Guadalajara is a bustling metropolis of some 5 million people, and although it has many traditional charms, it’s a dynamic urban giant. There’s lots to do in the city, but when you’re looking for more pastoral pleasures, venture out to the surrounding region to explore natural areas, small towns, tequila distilleries, and more.
Tequila: Agave Fields and Tequila Tasting
Just north of Guadalajara there’s a nearly 90,000-acre area with beautiful landscapes of blue agave, which has been designated a UNESCO World Heritage site. They’ve been producing a spirit from agave here since at least the 16th century, though it didn’t reach peak popularity until the mid 1900s. There’s lots to do in tequila country besides drink tequila. The small town of Santiago de Tequila gave the beverage its name and is well worth a visit. See the town's 18th-century church and the National Museum of Tequila, and tour a distillery or two, where you'll see first-hand how Jalisco’s most famous export makes its way from the agave field to your glass, and of course there are plenty of opportunities to sample different varieties of the drink.

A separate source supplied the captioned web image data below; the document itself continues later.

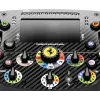 Volant Thrustmaster AddOn Ferrari SF25 Edition pre KON/PC — oficiálna replika volantu Ferrari
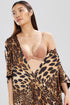 Natori Feathers Contour Plunge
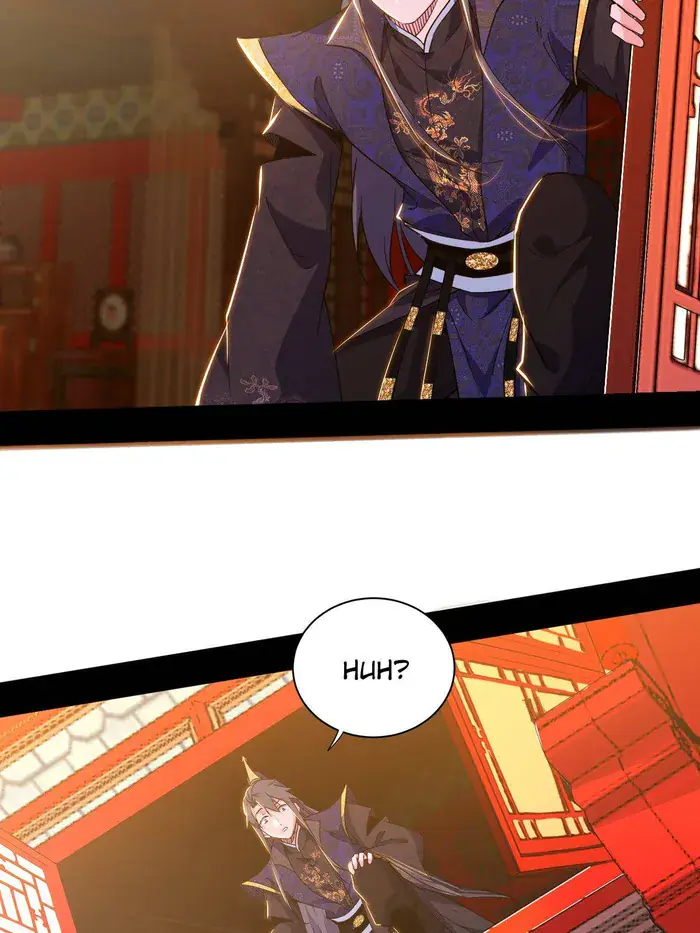 I'm an Evil God Chapter 436 Page 51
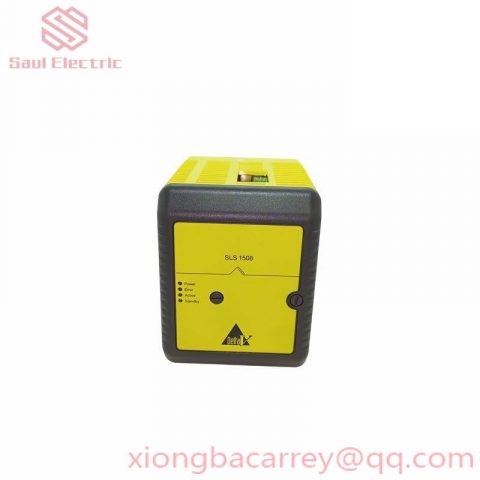 Emerson IC200MDL144 Discrete Input Module - Isolated 4 Point 240VAC Input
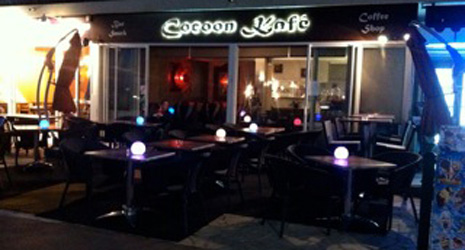 Cocoon Kafe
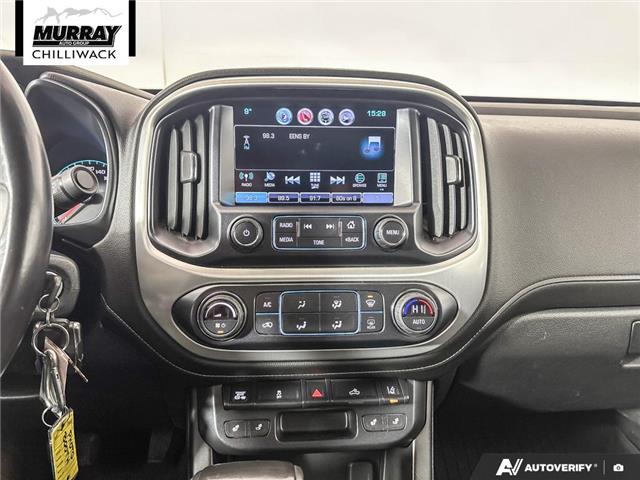 2017 GMC Canyon SLT (Stk: 26H276A) in Chilliwack - Image 26 of 36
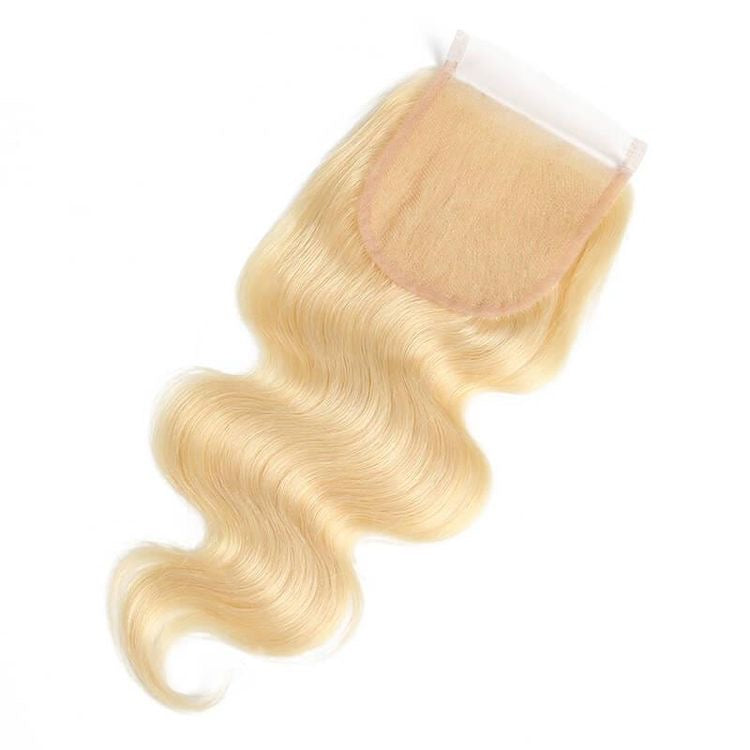 Transparent Virgin Closures/Frontals (613)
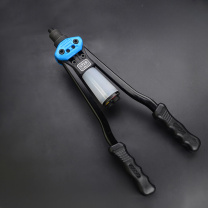 上匠 手动拉柳枪 双把省力重型拉铆枪 Φ2.4~Φ6.4mm
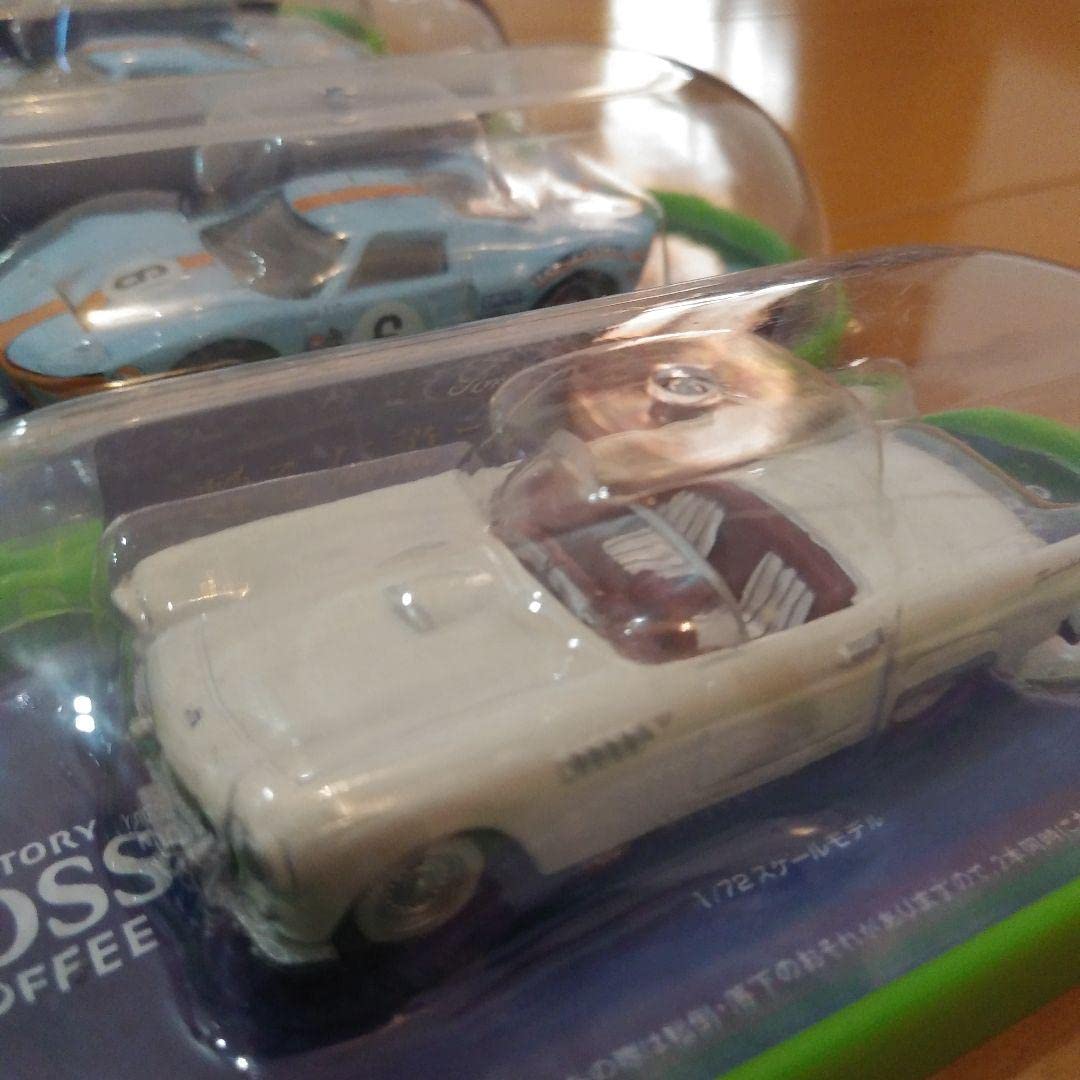 Amazon.co.jp: フォード 創業100周年記念ミニカーコレクションフル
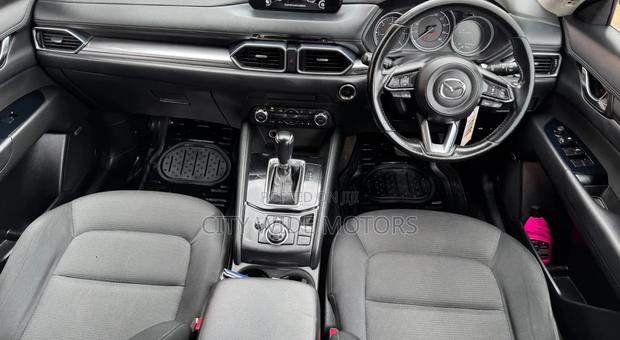 Mazda CX-5 2017 White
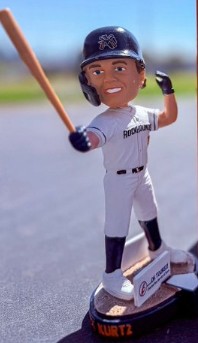 Nick Kurtz bobblehead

Getting There: Tequila is about 40 miles north of Guadalajara. You can drive or if you don’t want to worry about how many tequilas you’ve had, take the Tequila Plus bus, hire a guide for a private tour, or ride the Tequila Express tourist train (only runs certain days of the week).
Travel Tip: Stop for lunch at La Posta de Cerrillos for a delicious Mexican ranch-style meal in a colorful outdoor ambience.
Tlaquepaque: Upscale Handicrafts and Mariachi Music
A colonial artisan town known for its fine arts and crafts, and cultural scene, Tlaquepaque has upscale boutiques and galleries, antique shops, and great restaurants. Many of Tlaquepaque’s streets are closed to traffic, making it a pleasant place to explore. Wander around Independencia street, visit the Mercado de Artesanias, and stop by the Regional Ceramic Museum in the Centro Cultural el Refugio, founded to promote the work of indigenous artisans. Before you leave, be sure to grab a drink or a meal at El Parián, where you can hear itinerant musicians perform traditional mariachi music.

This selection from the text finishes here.